CAPE of good hope

A powerful tool for investors to value markets

Cape of good hope

Yes, that picture is of the Cape – of good hope, just outside Cape Town in South Africa.

I was lucky enough to get down there in 2016 to visit my son who was completing his medical studies in Cape Town Hospital. 

If you get the chance, do visit Cape Town at some point; the scenery is incredible and so are the vineyards.

Just be sure to take advice on where you stay and go – not everywhere is safe.

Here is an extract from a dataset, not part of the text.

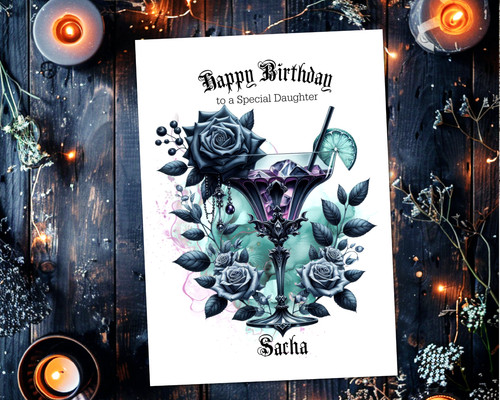 Personalised gothic turquoise - personalised,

Okay, so before this turns into a travel blog, let’s get back to making this dull financial stuff interesting – with a simple explanation of the ‘CAPE’ a powerful tool for investors.

What is the CAPE?

Let’s start with the last bit first.

The P.E. part of C.A.P.E  stands for Price to Earnings ratio, and a PE is found by taking the price (P) of a company share (or a whole market of them) and dividing it by the earnings (E) produced by that share (or market)

Simples.

Now you might conclude that, at any given time, if the ‘P’ (relative to the ‘E’) is higher than usual, then that share (or market) must be overpriced, right?

Yes, you might conclude that, but unfortunately, it’s not quite that simple 😉

You see, company profits (aka Earnings) tend to bounce up and down a fair bit – from year to year – even in normal times – such as they exist.

Those earnings bounce around even more for companies operating in what we call ‘cyclical’ industries.

Think about house builders for example. 

They enjoy times of feast but also suffer from times of famine.

One way to get a better idea of the ‘fair value’ of a share (or market) is to ‘adjust’ (average in this case) the earnings of that company (or all companies in the market) over a reasonably long timescale, say 10 years, to take out the effect of the business cycles.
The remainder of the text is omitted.